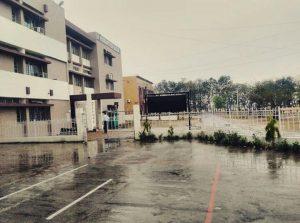 "Do Not Make Studying At IIM Larger Than Life, Enjoy The Studies And The Activities" - Vivek Sinha, First Year Topper at IIM Bodh Gaya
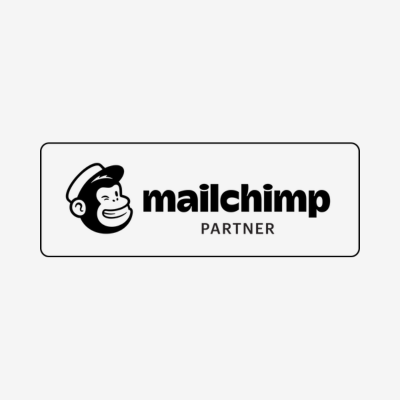 Mailchimp Partner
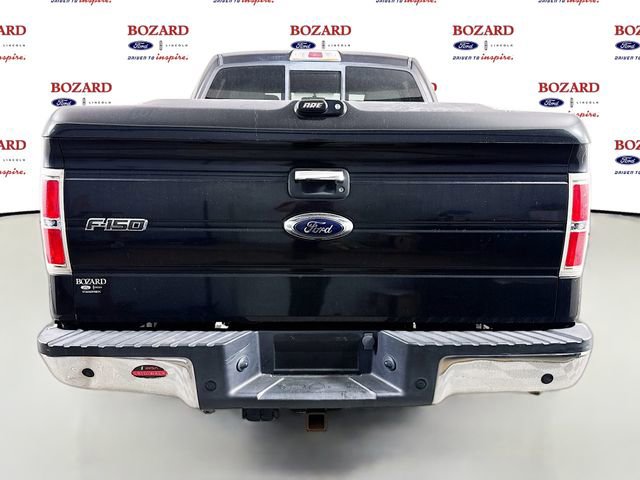 Used 2014 Ford F150 XLT w/ Equipment Group 302A Luxury image 7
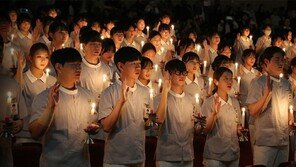 간호사 ‘금남의 벽’ 허물었다…국시합격 5명중 1명 ‘남성’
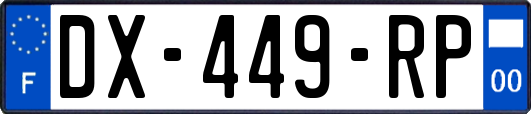 DX-449-RP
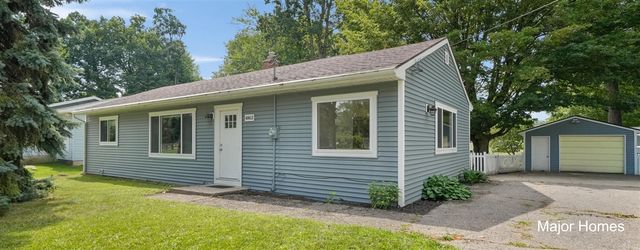 4863 Byron Center Avenue, Wyoming, MI 49519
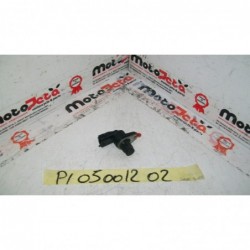 Sensore velocita' posteriore Rear speed sensor Piaggio Beverly 300 12 15
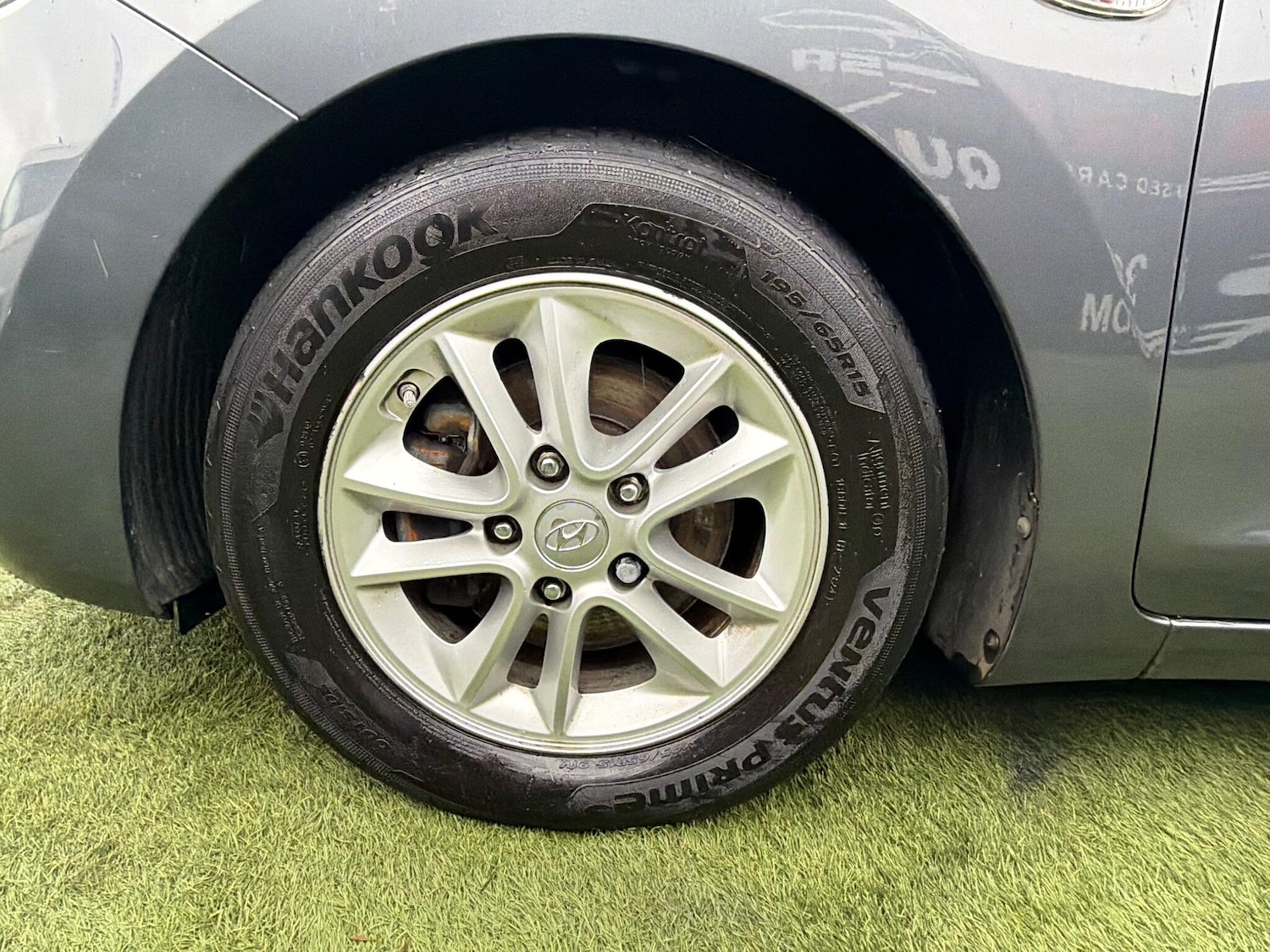 Used Hyundai i30 2016 for sale - 77175814: Photo 45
**********
**EXERCISE DESCRIPTION**:
Copy out the listing above from the line containing "Mailchimp Partner" to the line containing "Sensore velocita' posteriore", both included, exactly as written and minus the images.

**ANSWER SECTION**:
 Mailchimp Partner
 Used 2014 Ford F150 XLT w/ Equipment Group 302A Luxury image 7
 간호사 ‘금남의 벽’ 허물었다…국시합격 5명중 1명 ‘남성’
 DX-449-RP
 4863 Byron Center Avenue, Wyoming, MI 49519
 Sensore velocita' posteriore Rear speed sensor Piaggio Beverly 300 12 15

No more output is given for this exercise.